Here is a link to a 5 minute video of Thomas Piketty's interview on his book 'Capital in the 21st Century.'

He states that income inequality is inherently not bad. [This reminded me of our discussion about the federal debt and whether we should be concerned about it.] His main argument is that governments need to intervene in order to reduce/eliminate the wideninng income inequality. He also talks about how politics is involved in the widening inequality.

What can governments do to ensure that the policies that will be developed uplifts the majority of the population out of poverty, especially when the rich have more influence in policy making and thus more likely to advocate for policies that serve their self-interest?

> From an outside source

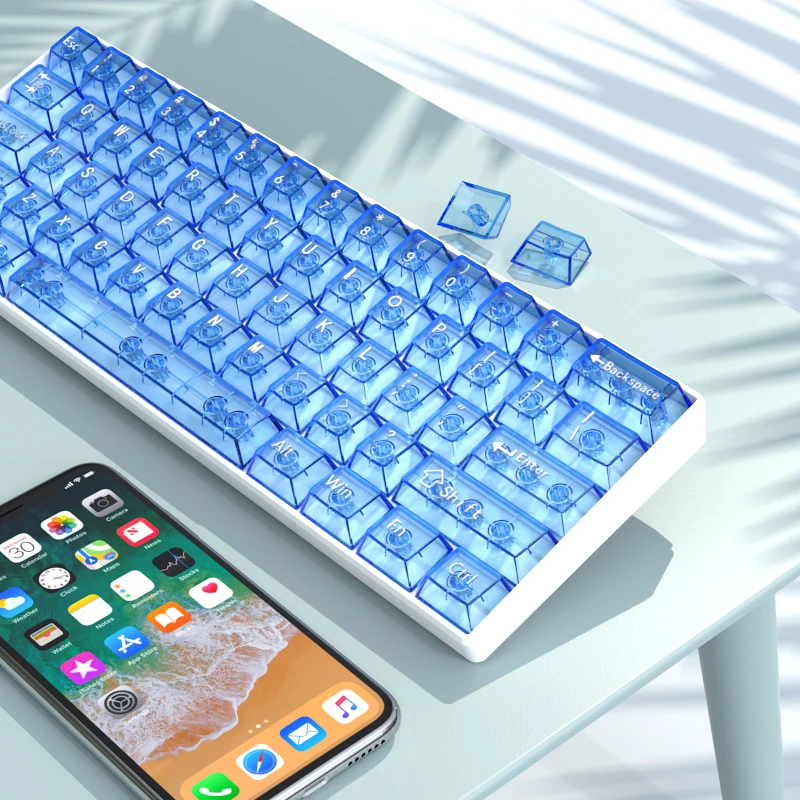Blue transparent PC keycap Mechanical keyboard Keycap PC material UV transfer cherry Original height 61 keys
Blue transparent PC keycap Mechanical keyboard Keycap PC material UV transfer cherry Original height 61 keys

  1. It would be beneficial to create many different policies, and let the majority vote on these. This way the masses will have power in numbers, rather than the few having financial power making choices that everyone has to live with. Unfortunately, this doesn't happen ideally in the real world.

  2. In an ideal world we would have a government that ensures the bottom line isn't left out. However, it's hard to say how that would happen in today's society.

  3. Inequality will prevail in the capitalistic society. As the author of the book said inequality is not bad as it could be the source of competition and innovation, however extreme inequality is what we should be concerned with. I don't how can government effectively implement a direct policy which would address the issue, however, what government could do is use the wealth of the extreme earners to create an opportunity for the people on the lower end of income inequality line.

  4. I think that the possibility of clearing inequality is non-existent at this period. It will exist as long as the distribution of wealth is still present in society. The best course of action would be to analyze the framework of inequality and work from there.

  5. I'm really glad to see more people drawing attention to income inequality and the disappearing middle class. I think a lot of Americans feel that the U.S. is not a completely meritocratic nation but are somewhat confused about what exactly is going on that's leading to this inequality. I think the reason why this book is becoming so popular is because people are searching for the answer to these questions. From what I've heard, Piketty supplies a great deal of reason and intellectual clarity when discussing this issue of income inequality, and I think this is very valuable.

    With respect to what the government can do about this, I think a more progressive tax system would be a step in the right direction. Also more investment in education would be beneficial especially things that will raise financial literacy.